GNOME Bugzilla – Bug 322553
Evolution can run scripts to create signatures - this feature can't be disabled.
Last modified: 2008-05-26 18:04:50 UTC
Please describe the problem: We want to implement a locked down desktop environment with users having no command line access. The applications we want to use in this environment include Evolution. Evolution currently has the ability to run arbritary shell scripts. Gnome has recently introduced a lockdown capability - see link below: http://www.gnome.org/learn/admin-guide/latest/ch10s03.html Evolution should be made compliant with this lockdown architecture. This means making it possible for an admin user to disable the running of user signature scripts and any other shell backdoors it may have. Steps to reproduce: 1. Create a file called hack.sh with a text editor and add the contents "cat /etc/passwd" 2. Make the file executable 3. Open Evolution and go to Edit/Preferences/Composer Preferences/Signatures. 4. Click on Add Script button and select browse. Go to Home and select hack.sh script. 5. Compose a new message, select signatures and the hack.sh script. 6. Send the e-mail Actual results: One of our supposedly locked down users gets a copy of our password file. Expected results: If their is a capablity to turn off the signature scripts in Eovlution if desired, then if the capability is enabled the Evolution user shouldn't be able to run sginature scripts. Perhaps they should even be offered the ability to create one. Does this happen every time? Yes. Other information: Evolution and Firefox are the most popular Gnome apps. Firefox has its own lockdown architecture. We want to run Firefox and Evolution under KDE's "Kiosk Mode". In that situation Evolution is the weak link as far as allowing running arbitrary commands via the signature scripts.
adding keyword; confirming as it was discussed on the mailing list. please note that this is a potential security leak, so setting severity to major.
Typo above - I meant to say Perhaps they ***shouldn't*** even be offered the ability to create one.
Updated doc link: http://library.gnome.org/admin/system-admin-guide/2.22/lockdown-manual.html.en
Created attachment 110115 [details] [review] proposed evo patch for evolution; Driven by "/desktop/gnome/lockdown/disable_command_line" key. If disabled, then no signature is generated.

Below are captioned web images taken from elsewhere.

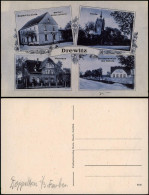 Drewitz-Möckern MB-AK Gasthof Zur Linde, Pfarrhaus, Str.  Schule, Kirche 1910 - Altri & Non Classificati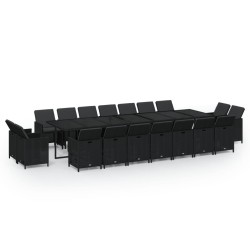vidaXL 19-tlg. Garten-Essgruppe mit Kissen Poly Rattan Schwarz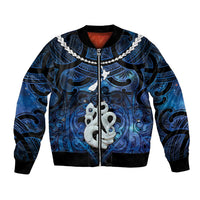 Personalized Maori Matariki Manaia Bomber Jacket Maori Kowhaiwhai Pattern Galaxy LT01 Unisex Blue - Polynesian Pride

Milan, I would like it to be the other way around. This gconf key isn't going to be changed often and mostly is a one timer. So load it as mail config and use it, rather than checking for the value on every composer or preference invoke. [You must read Federico's perf talk: His quote on GCONF] Infact, to speed up Evo, we can look at such pieces and improve.
Created attachment 110157 [details] [review] proposed evo patch ][ for evolution; Ouch, it hurts... so small patch and needs-work... :) But I'm fine with these changes. Btw, if requested to disable scripting on other places too, then feel free to move the helper function to e-util or somewhere. I didn't do that because it is not required yet.
Commit to trunk
Committed to trunk. Committed revision 35551.